E se o México pôde, por que o Brasil também não o fará? Reitero que até aqui a Copa nos trouxe benefícios concretos e imateriais (como a imagem positiva projetada para o mundo). Somo a eles a derrota de ontem. Como assim? A derrota foi um benefício? Caro leitor, depois de muito pensar a respeito concluí que sim, trouxe. Há 64 anos, quando do MARACANAÇO, um luto inconsolável caiu sobre o país, numa derrota de 2 a 1 para o Uruguai; ontem, o povo brasileiro carnavalizou a derrota e soube aplaudir a seleção alemã e soube entender (talvez não 100% racionalmente) que futebol pode ser uma paixão nacional, mas é apenas um esporte. O que sobreveio, do choro de David Luiz, passando pela entrevista de Felipão, chegando nos memes da derrota foi a sensação de que finalmente há uma consciência coletiva (sempre com exceções – vide o episódio lamentável na Vila Madalena, após da derrota) de que somos mais, muito mais que uma pátria de chuteiras.

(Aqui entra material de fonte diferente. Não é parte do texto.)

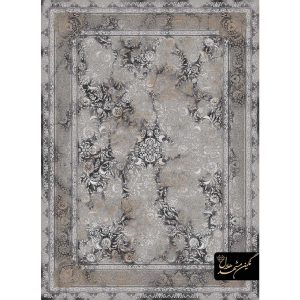 فرش کد 9862 وینتیج افشان نسکافه ای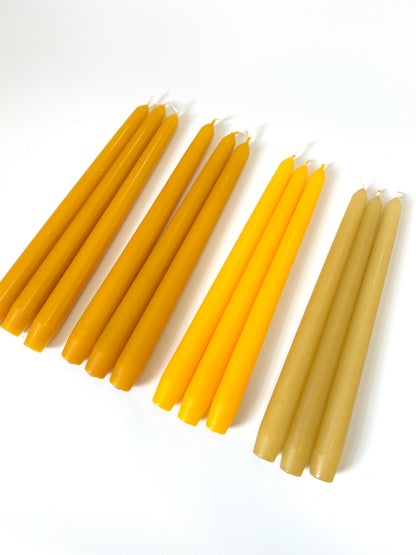Yellow Venetian Tapered Candle - 250mm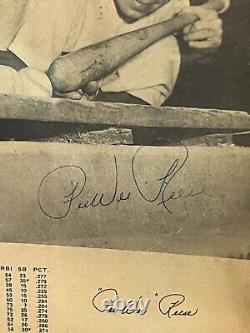 Pee Wee Reese Billy Loes Dodgers Signed Vintage Autograph 8x10 Cut Beckett Bas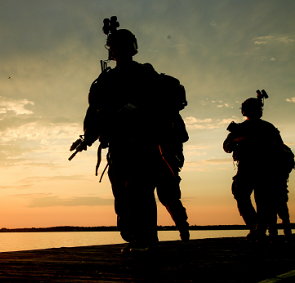 thumbnail military service members walking at dusk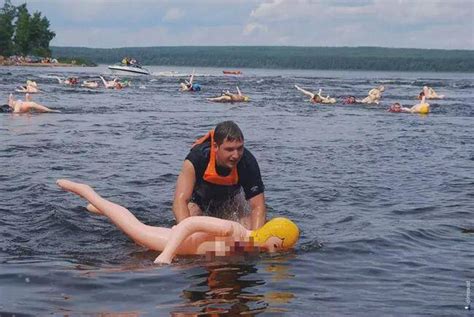 Inflatable Sex Doll River Race Attracts Thousands Of Men And Women In Russia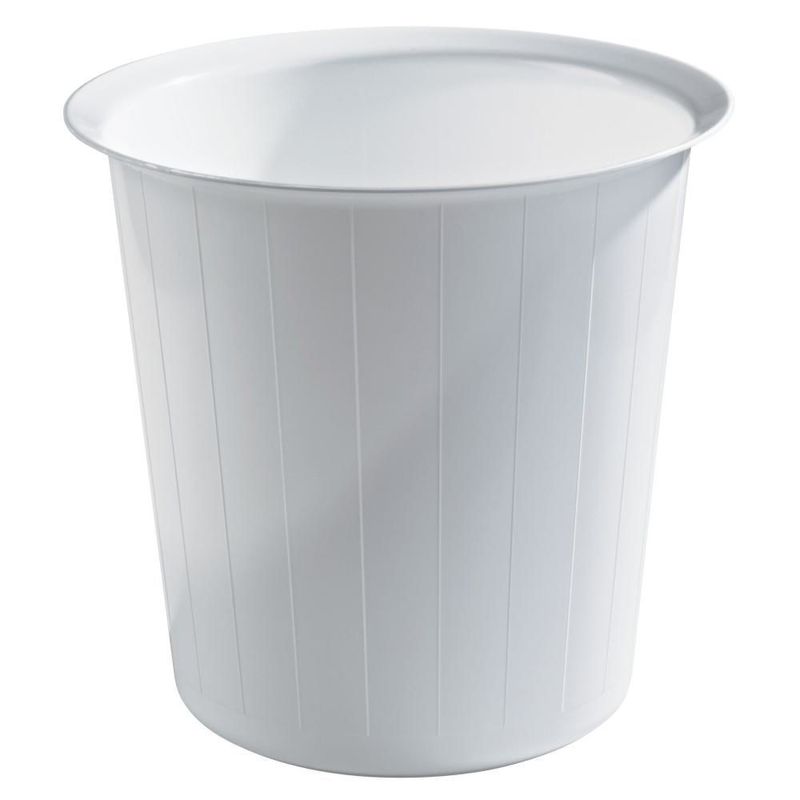 Nordiska Plast Papperskorg 22L Vit 2220 NPL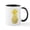 White/Black Inside, variant on CafePress - Faux Gold Foil Pineapple Mugs - 11 oz Ceramic Mug - Novelty Coffee Tea Cup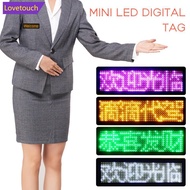 LOVETOUCH Mini LED Digital Bluetooth APP Programmable Rechargeable Scrolling Name Message Tag Sign K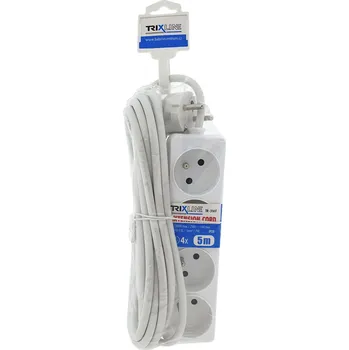 elektrický kabel Prodlužovací přívod 4 zásuvky, 5m, TR 314 F TRIXLINE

A derrota serviu, ainda, para que entendêssemos a irracionalidade de crer na representatividade de um indivíduo, como metonímia do grupo – do mesmo que Neymar não podia ser o time inteiro, é imbecilidade imaginar que Dilma é o governo petista (por isso que odiar a pessoa da presidenta não faz sentido: o governo é uma equipe formada por interesses multipartidários sobre os quais a pessoa dela tem pouca ou nenhuma influência).
Perdermos "de lavada" serviu, enfim, para que víssemos – como o veem alemães, ingleses, holandeses, franceses – que o jogo é apenas um entretenimento e que a tradição só conta se com ela vier a estrutura. O Brasil se vê, enfim, como o paradoxal "país do futebol" com seus melhores jogadores na Europa, e consegue entender que a unidade do time alemão decorre do fato de que aqueles jogadores trabalham juntos há muito tempo, treinam juntos, têm entrosamento; ao passo que os nossos, assim como os argentinos, só se veem alguns dias antes do início do campeonato e seria um golpe de sorte essa gambiarra vencer a tradição estruturada de times como o da Alemanha ou da Holanda. Mesmo assim, acredito que a paixão irracional desses dias valeu a pena. Valeu a pena, mas passou; foi uma onda catártica necessária para, como uma terapia de choque, fazer despertar em nós algo melhor.
P.S. Ontem, numa interlocução produtiva com Luiz Cláudio Jubilato, lembrei-me de "As bacantes", de Eurípedes, e de como o trágico grego soube tecer uma inteligente alegoria para mostrar o embate entre a razão e a tudo o que passional e ilógico. Na peça, Dionisio pune os tebanos por deixarem de crer e o rei se sacrifica para salvar a cidade. A releitura da trama em nossa realidade fica como exercício mental para o leitor.